Post-war governments, Tory as well as Labour, operated on the principle adopted in 1944 by the Labour Party Conference “If bad trade and general unemployment threaten . . . we should give people more money, not less to spend.” The only way in which a government can “give everybody more money” to spend is by printing more notes, each of which buys less and less. While Denis Healey was Chancellor of the Exchequer, his government printed and spent an additional £4,500 million; to which the Thatcher government has added another £1,200 million. This has had no effect on unemployment. Its only achievement is to put up prices.

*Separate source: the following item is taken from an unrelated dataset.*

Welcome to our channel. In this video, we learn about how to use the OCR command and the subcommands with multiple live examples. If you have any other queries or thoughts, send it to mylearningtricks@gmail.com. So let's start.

Sir Keith Joseph recently resurrected another old but plausible fallacy: “Just as you can price yourself out of a job, so you can price yourself into one, by taking lower wages.” There might be some employers who would take on more workers if wages were reduced from, say £100 a week to £80, to employ ten workers at £80 instead of eight workers at £100, but as a remedy for unemployment it is a non-starter. The ten workers would produce more than the eight workers, so their employer would have to sell more. If he succeeded in capturing a larger share of the market, it would be at the expense of rival employers, who would employ fewer workers in consequence.
Sir Keith’s non-solution for unemployment prompted an opposite solution from the unions. A union official put it like this: “Workers are unemployed because wages are too low to buy all the factories produce. If wages were raised, workers would buy more and more workers would be employed”.
This too is a plausible argument. If wages went up more than prices, workers could buy more. But, as profits would be correspondingly reduced, the profit-receivers would have to spend or invest less than before. As profit margins would be reduced, it would also discourage investment. In the period 1973 to 1977 wages did rise more than prices but, as already mentioned, unemployment more than doubled.
Marx met and dealt with a similar argument. It was put to him that if wages were raised it would enable workers to buy more and would prevent a crisis occurring. Marx pointed out in reply that “crises are precisely always preceded by a period in which wages rise generally and the working class actually gets a larger share of the annual product intended for consumption”. Far from preventing a crisis this phase of higher real wages is always “harbinger of a coming crisis” (Capital Vol. II, Kerr edition, page 476).
Marx dealt with unemployment from two aspects. First, there is the displacement of labour by machinery. This increases unemployment, but if the investment of capital grows fast enough (as it does when sales and profits are rising) it “absorbs not only the men thrown out of work but also fresh contingents” (Capital, Vol. I, Kerr edition, p.496). So in that phase total unemployment falls.
But in the competitive struggle which gives markets to the cheaper producer, each capitalist is trying to accumulate capital and expand his scale of operations, not just to meet a known demand, but as an end in itself. Inevitably “overproduction” develops in some big markets, as for example motor cars, shipbuilding and steel in 1974, and a crisis occurs. Sales in those markets decline, investment ceases to be profitable, production is cut and workers are stood off. The declining industries and falling wage totals drag down other industries and there is depression, with unemployment at peak levels. This continues until such time as conditions develop which make investment profitable again.
This is the course capitalism follows, paying no heed whatever to ministerial vapourings about full employment, whether Tory or Labour.